The Sunday Telegraph

Council accused of wasting relief efforts

- By Rozina Sabur

A VAST number of donations to Grenfell Tower residents could go to waste as the council is failing to co-ordinate relief efforts, volunteers have said.

Food and other essential items have been flooding in to centres near the scene in west London, but angry volunteers have criticised the local council for the apparent lack of co-ordination.

Dozens of people attended a meeting of the Radical Housing Network, made up of different activist groups, in a community centre not far from the burnt-out tower block yesterday morning to discuss their “next steps” in supporting displaced residents.

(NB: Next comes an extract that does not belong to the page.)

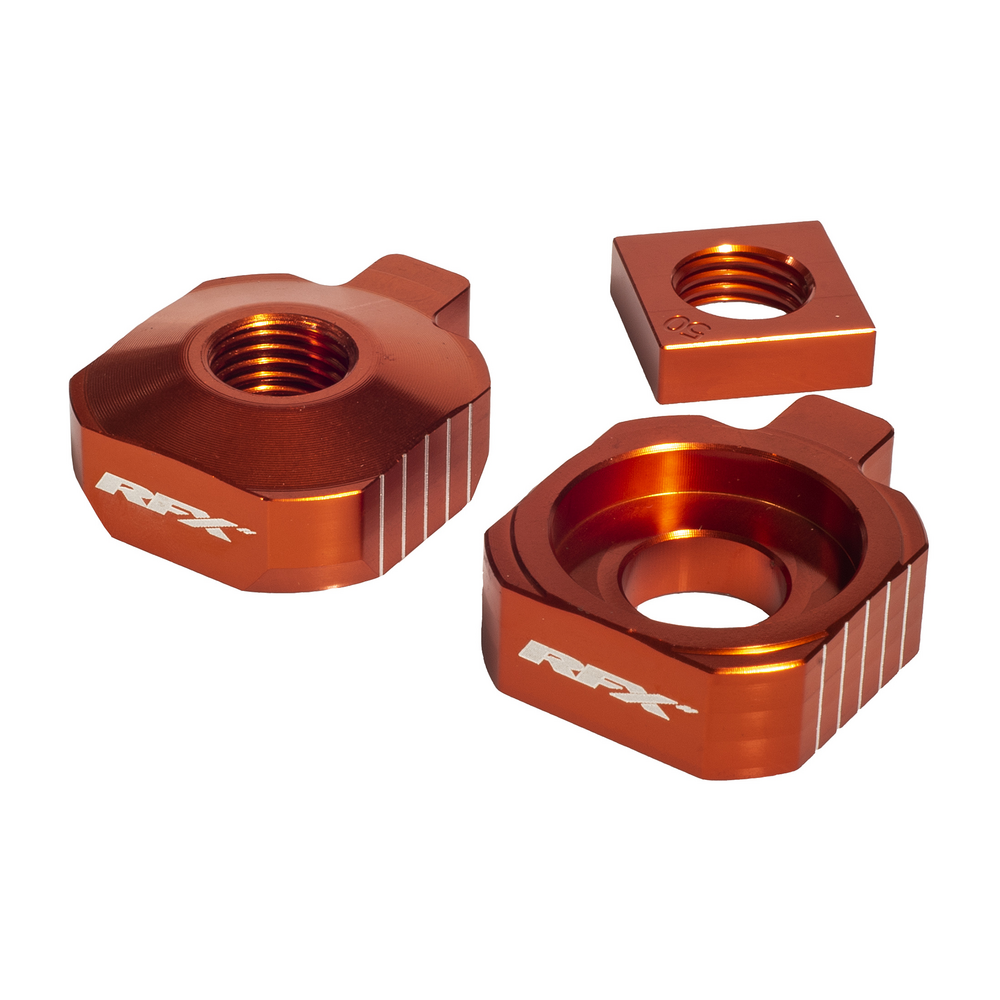 RFX REAR AXLE BLOCKS ORANGE KTM/HUSQ/GAS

A teacher who lives in the area called on Kensington and Chelsea council to take control of the relief efforts. Moyra Samuels told the meeting of around 70 people: “These are very uncoordina­ted [efforts] and my question is, ‘Where is the council?’ This is something that we cannot do without an enormous level of planning and co-ordination.”

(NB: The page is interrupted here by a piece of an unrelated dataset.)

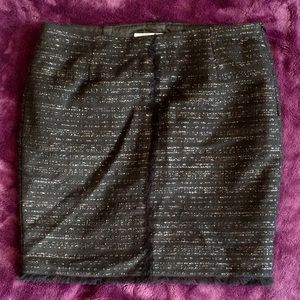 Trina Turk black and metallic mini pencil skirt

Ms Samuels said that donations such as food would begin deteriorat­ing before they could be passed on to fire victims. “If the council is going to have to pay people to do that, that is what they are going to have to do,” she added.

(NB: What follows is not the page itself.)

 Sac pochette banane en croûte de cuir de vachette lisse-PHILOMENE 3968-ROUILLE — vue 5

It came as volunteers said they have seen an abundance of clothes and asked for donations of sanitary towels, pushchairs, electronic and children’s items. A petition calling for the council to resign, which had been pinned to an electricit­y box, appears to have been removed.

Volunteer Mark Sivarajah, who grew up in the area and returned to help, said he was shocked not to see any visible council presence.

Speaking outside a collection point beside Latymer Community Church, he said: “If you look around, there’s no one here with a council vest on.”

On Friday evening, demonstrat­ors stormed the council offices over its handling of the crisis amid concerns that earlier renovation work was linked to the spread of the blaze.

Speaking about the growing anger, Mr Sivarajah said: “This is about race, immigratio­n and austerity. People are very angry.”